День сурка
Снова настало утро. Соня всю ночь спала плохо, то было ей жарко, и она откатывалась на край постели, а Кузьма просыпался от страха, что она свалится на пол; то она замерзала и прижималась к нему, чтоб согреться, и тогда Кузьма обнимал ее и тут же засыпал. К утру он выспался совершенно, а Соня только-только на рассвете стала дышать глубоко и ровно, заснула как следует.
Он выскользнул из-под одеяла и вышел на балкон. Снегопад кончился, но солнца не было, и снег лежал уже не праздничный, обыкновенный. Стояло нормальное серенькое зимнее утро средней полосы России. Вот только горы за озерной гладью, да яхты, да знакомая пара лебедей у причала. Хурмы на деревьях осталось мало, за ночь попадала большая часть. «Надо бы собрать…» – подумал Кузьма.
– Ого-го-го!.. – раздалось с соседнего балкона. Поэт трубил, как олень на заре.
Кузьма закрыл балконную дверь и негромко сказал:
– Паша, не ори.
– Да как же можно не орать-то!.. – Он стоял на балконе в сатиновых трусах. – Слышишь, какое эхо!..
– То-то и оно. Восьми еще нет. Соня спит. Да и Вася тоже. Спускайся лучше, хурму соберем.
– Чего-чего?
Кузьма объяснять не стал, вернулся в номер, оделся, задумался на миг, прихватил фаянсовое блюдо из буфета, еще задумался и прихватил полотенце. Решил, как всегда, искупаться. Привык.

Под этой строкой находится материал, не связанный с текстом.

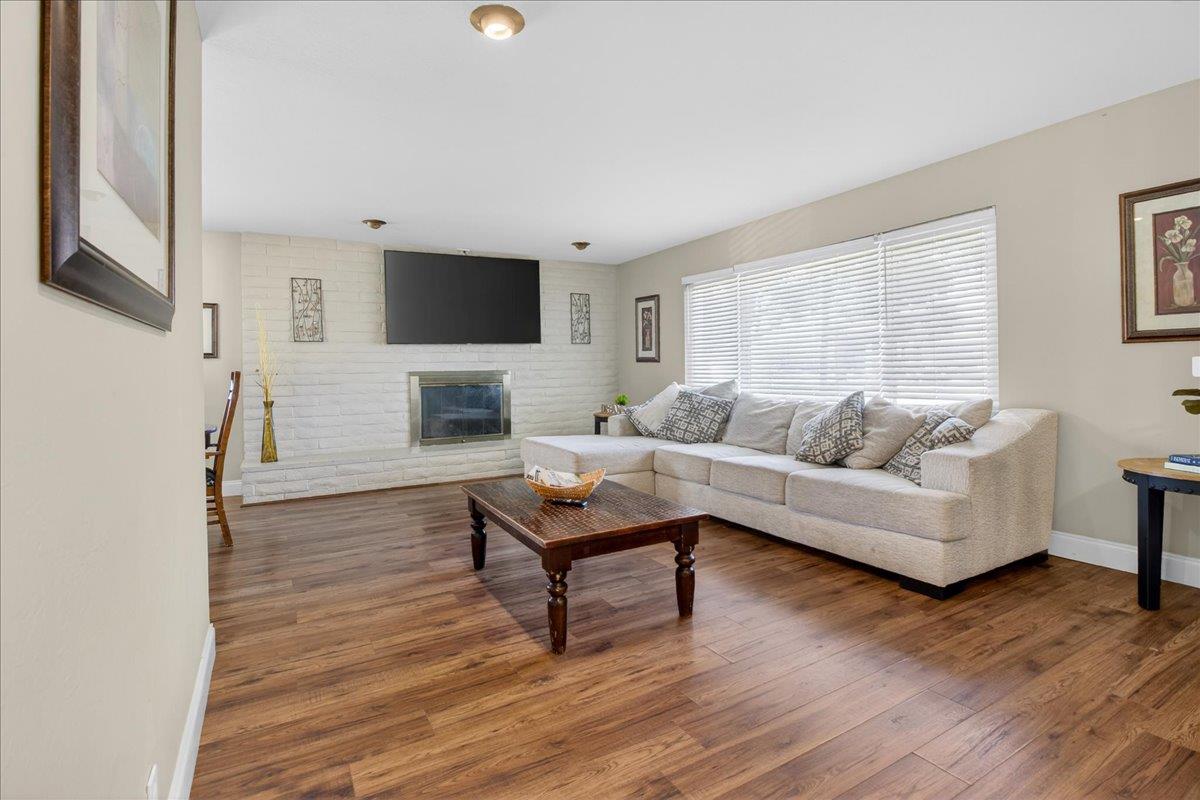 Detail Gallery Image 4 of 58 For 323 San Miguel Ave, Salinas,  CA 93901 - 7 Beds | 4/1 Baths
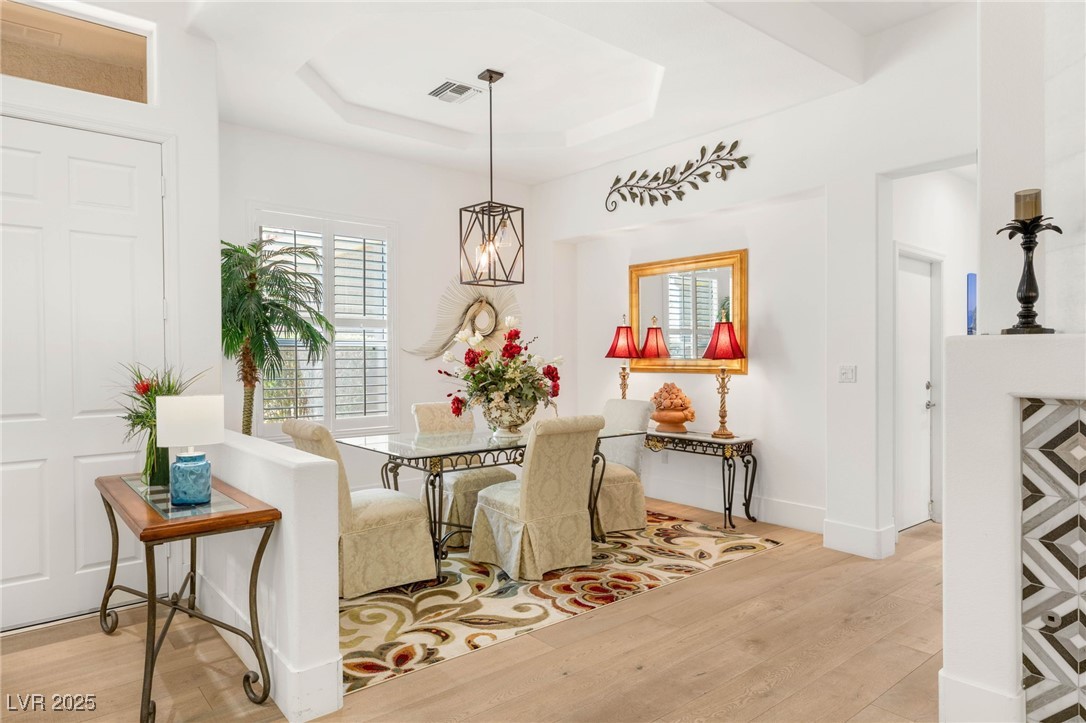 10404 Long Leaf Place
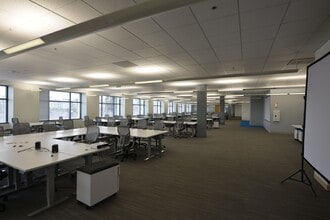 350 Convention Way, Redwood City, CA à louer Photo intérieure– Image 1 sur 6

Соня спала, укрывшись с головой…
Хурма на снегу оказалась заледеневшей, стеклянной. Чанов собрал несколько и отправился к озеру, к заснеженному лежаку. На него и поставил блюдо с хурмой. И призадумался. Раздеваться? Становиться теплыми босыми ногами на снег?.. И все-таки он снял ботинки, попробовал. Ничего, вполне терпимо. Стащил штаны, свитер. И содрогнулся. На поверхности воды угадывались тонкие острые льдинки. «Нет, – решил он твердо, – сегодня не буду!» Но тут сзади раздались пыхтенье и радостные крики Павла:
– Я тоже! Я тоже!
Что делать? Кузьма вздохнул поглубже и с отчаяньем бросился в воду.

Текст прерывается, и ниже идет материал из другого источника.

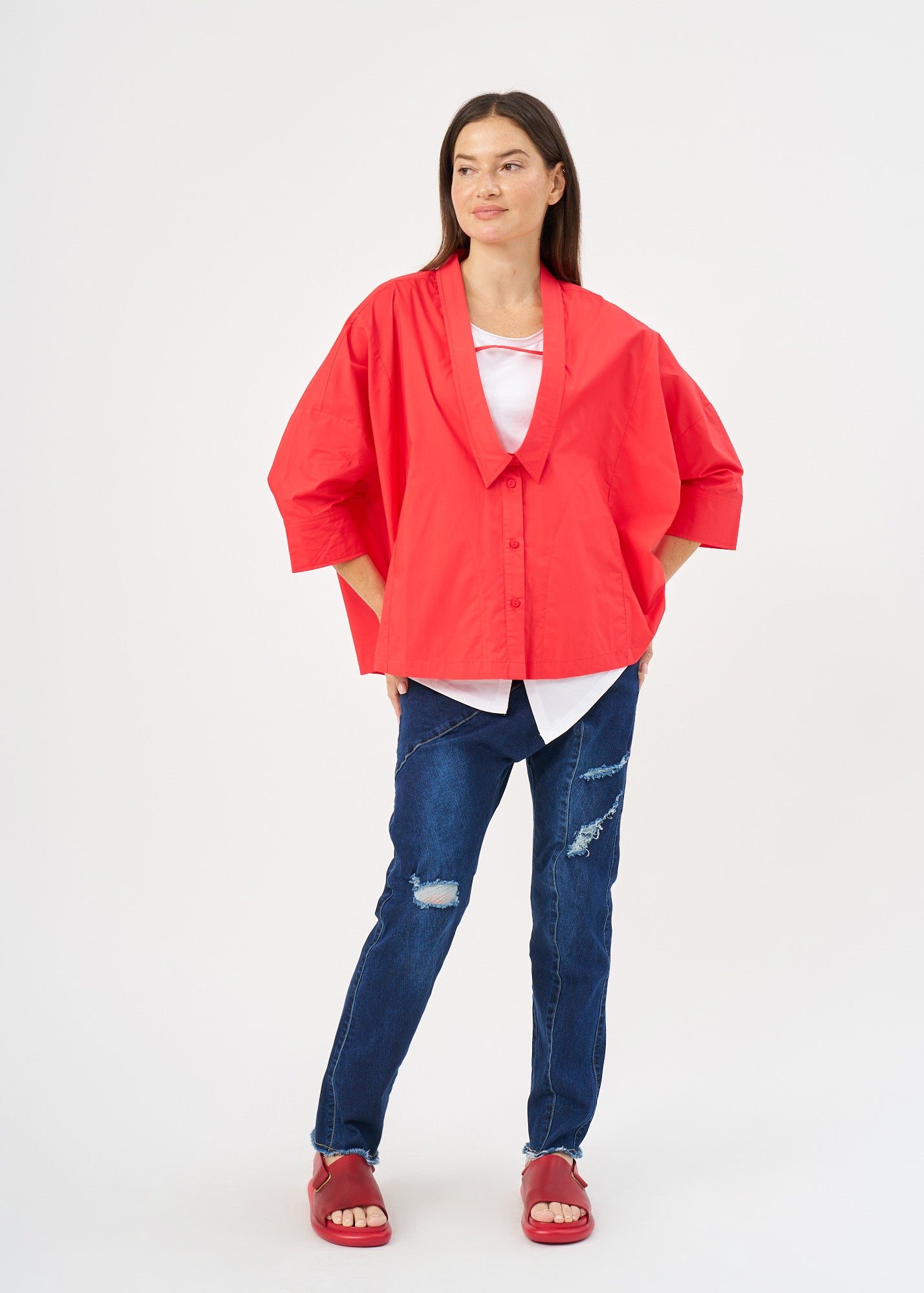 מכופתרת צווארון עמוק אדום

«Щас умру», – подумал Кусенька, плывя под водой, но вынырнул. Он услышал, как сзади ухнулся в воду поэт, оглянулся, увидел темную волнистую гладь, льдинки, видимо, водились пока еще только у берега, и поплыл саженками. Паша вынырнул, как Иван-дурак из кипящего котла, красный, с выпученными глазами. И снова ушел под воду. Долго не появлялся, но вынырнул вдруг настоящим Иваном Царевичем: брови черные, глаза сияют, рот румян, зубы белые. Плавал он лучше Кузьмы, догнал и перегнал. И уже далеко впереди кукарекал, квакал и кувыркался. Кузьма развернулся и спокойно поплыл к берегу. Когда он вышел к лежаку, увидел, что на балконе стоит Соня, завернутая в одеяло, и призывно машет рукой. Он запаниковал, наспех оделся и побежал, бросив полотенце.
– Фольф зфонил, – сказала Соня.
Кузьма немедленно успокоился, крикнул:
– Отлично! – и сразу юркнул в ванную, принять горячий душ. Вышел и обнял Соню. – Я был холодный, – сказал он. – А ты простужена.
– Уже нет, – ответила Соня, не давая целовать себя в губы. – Видишь, лихорадка высыпала. Значит, простуда прошла. Магда так говорит… Но целоваться больно.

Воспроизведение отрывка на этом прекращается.